At last night’s 25th anniversary Competitive Enterprise Institute dinner, BB&T chairman and former CEO John Allison gave a rollicking keynote address attacking the bailout, the “misregulation” of the financial industry, and the spirit of “altruism” that he said dominates our politics. But more surprisingly, he also suggested that the Federal Reserve should be replaced with the gold standard and a more privatized banking system.
Afterward, I asked a staffer for Congressman Ron Paul if Allison had been a Paul donor in 2008. “He should have been!” he replied. During that campaign, I was mystified by Paul’s insistence on talking about the Federal Reserve and monetary policy.

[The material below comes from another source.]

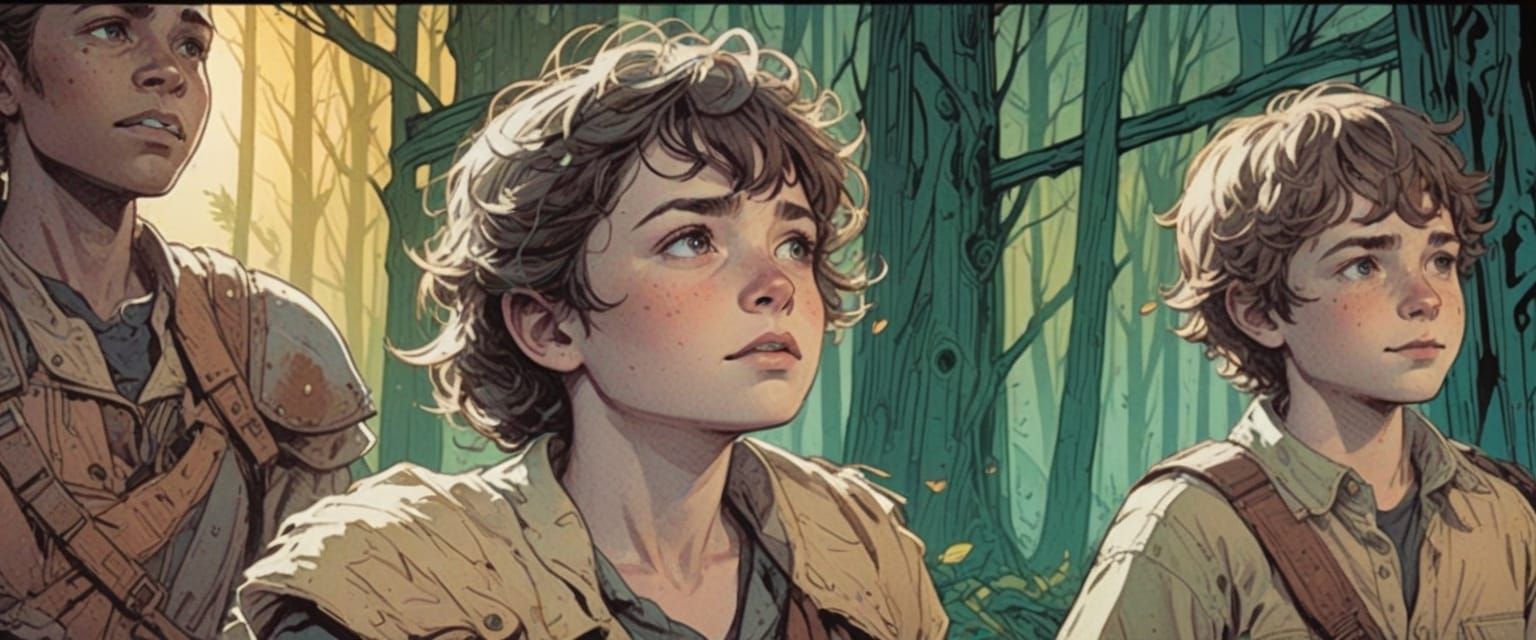 Mysterious Forest Children in Warm Golden Light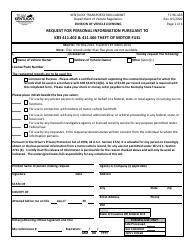 Document preview: Form TC96-16B Request for Personal Information Pursuant to Krs 411.402 & 411.406 Theft of Motor Fuel - Kentucky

Although I broadly agreed with his Austrian analysis, it seemed to me that his time would have been better spent emphasizing fiscal policy: the fact that he’d never voted for a tax increase or an unbalanced budget, his opposition to most major spending programs, his support for all of the Reagan and Bush tax cuts.
Yet on the campaign trail, I repeatedly saw kids with pink hair and nose rings shouting, “End the Fed!” Paul himself seemed surprised by the reaction, noting that at one campaign appearance college students started burning Federal Reserve notes (that’s quite a few 25-cent drafts they were sacrificing in the process). The financial crisis has increased the salience of the monetary issue in some quarters. Paul’s bill to audit the Fed now has more than 218 cosponsors — 222 at last count — including members of the House Republican leadership, the head of the Republican Study Committee, and the head of the Congressional Progressive Caucus.